(Items from a dataset)
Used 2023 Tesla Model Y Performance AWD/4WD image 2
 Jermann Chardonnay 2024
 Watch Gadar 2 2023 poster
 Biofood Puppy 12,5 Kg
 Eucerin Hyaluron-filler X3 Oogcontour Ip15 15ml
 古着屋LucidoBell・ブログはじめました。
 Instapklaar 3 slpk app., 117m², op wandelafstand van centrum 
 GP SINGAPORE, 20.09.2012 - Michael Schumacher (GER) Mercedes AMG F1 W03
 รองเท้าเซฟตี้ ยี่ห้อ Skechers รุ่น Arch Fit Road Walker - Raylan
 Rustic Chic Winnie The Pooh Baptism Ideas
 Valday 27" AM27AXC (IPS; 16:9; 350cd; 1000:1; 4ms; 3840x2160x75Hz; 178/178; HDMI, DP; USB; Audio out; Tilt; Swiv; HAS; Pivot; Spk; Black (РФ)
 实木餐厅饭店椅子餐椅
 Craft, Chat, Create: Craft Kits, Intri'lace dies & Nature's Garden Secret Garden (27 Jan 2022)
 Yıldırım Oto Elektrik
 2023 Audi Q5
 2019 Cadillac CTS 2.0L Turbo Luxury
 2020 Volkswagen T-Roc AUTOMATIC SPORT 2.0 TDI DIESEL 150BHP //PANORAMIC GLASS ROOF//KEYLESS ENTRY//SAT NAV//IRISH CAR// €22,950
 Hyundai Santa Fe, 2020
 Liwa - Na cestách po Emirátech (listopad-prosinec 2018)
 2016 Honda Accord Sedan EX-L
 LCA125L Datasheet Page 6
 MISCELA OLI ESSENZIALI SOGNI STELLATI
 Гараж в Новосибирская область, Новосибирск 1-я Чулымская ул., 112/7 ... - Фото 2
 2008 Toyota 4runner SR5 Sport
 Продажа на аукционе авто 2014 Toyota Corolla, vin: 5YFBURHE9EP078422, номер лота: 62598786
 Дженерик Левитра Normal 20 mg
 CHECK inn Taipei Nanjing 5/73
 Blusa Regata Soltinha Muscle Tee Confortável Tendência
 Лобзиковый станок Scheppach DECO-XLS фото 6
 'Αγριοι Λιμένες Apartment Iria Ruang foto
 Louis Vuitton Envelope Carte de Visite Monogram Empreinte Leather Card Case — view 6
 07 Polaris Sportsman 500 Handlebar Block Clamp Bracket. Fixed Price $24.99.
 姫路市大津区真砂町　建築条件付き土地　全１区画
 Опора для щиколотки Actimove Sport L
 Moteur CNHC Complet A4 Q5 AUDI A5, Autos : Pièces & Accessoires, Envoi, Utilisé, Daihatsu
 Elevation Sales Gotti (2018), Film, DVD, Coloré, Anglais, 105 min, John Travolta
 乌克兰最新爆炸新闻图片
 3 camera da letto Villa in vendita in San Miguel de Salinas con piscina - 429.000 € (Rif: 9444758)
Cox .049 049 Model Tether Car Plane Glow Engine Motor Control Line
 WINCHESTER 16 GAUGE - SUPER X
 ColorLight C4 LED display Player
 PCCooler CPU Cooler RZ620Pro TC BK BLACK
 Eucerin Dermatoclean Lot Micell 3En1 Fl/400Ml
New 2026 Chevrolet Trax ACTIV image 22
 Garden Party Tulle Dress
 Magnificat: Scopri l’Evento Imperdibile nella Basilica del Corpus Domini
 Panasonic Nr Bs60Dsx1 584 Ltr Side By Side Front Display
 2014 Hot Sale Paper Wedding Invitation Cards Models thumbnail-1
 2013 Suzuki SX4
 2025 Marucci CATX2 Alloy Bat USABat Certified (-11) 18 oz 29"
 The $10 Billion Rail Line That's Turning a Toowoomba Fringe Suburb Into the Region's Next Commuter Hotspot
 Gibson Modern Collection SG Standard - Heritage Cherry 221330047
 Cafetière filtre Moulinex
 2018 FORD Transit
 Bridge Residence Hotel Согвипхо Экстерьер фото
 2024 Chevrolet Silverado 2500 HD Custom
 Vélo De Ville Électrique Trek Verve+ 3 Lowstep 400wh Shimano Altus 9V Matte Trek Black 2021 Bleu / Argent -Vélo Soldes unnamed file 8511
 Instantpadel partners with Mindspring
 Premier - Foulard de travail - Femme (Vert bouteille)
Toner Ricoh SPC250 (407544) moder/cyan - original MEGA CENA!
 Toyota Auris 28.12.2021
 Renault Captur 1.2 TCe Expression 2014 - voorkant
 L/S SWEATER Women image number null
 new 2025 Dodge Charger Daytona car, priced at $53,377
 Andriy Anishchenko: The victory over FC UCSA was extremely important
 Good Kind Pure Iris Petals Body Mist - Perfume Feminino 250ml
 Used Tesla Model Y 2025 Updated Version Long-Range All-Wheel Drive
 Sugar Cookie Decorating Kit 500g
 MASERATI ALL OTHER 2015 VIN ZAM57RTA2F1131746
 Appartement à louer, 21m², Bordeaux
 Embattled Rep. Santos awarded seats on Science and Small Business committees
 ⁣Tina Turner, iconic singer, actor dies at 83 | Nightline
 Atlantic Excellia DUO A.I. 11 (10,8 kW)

#### Exercise directions:
Using the data above, extract exactly the lines from the one that holds "2014 Hot Sale" to the one that holds "2025 Marucci CATX2", both ends included, and no others.

#### Response to the task:
 2014 Hot Sale Paper Wedding Invitation Cards Models thumbnail-1
 2013 Suzuki SX4
 2025 Marucci CATX2 Alloy Bat USABat Certified (-11) 18 oz 29"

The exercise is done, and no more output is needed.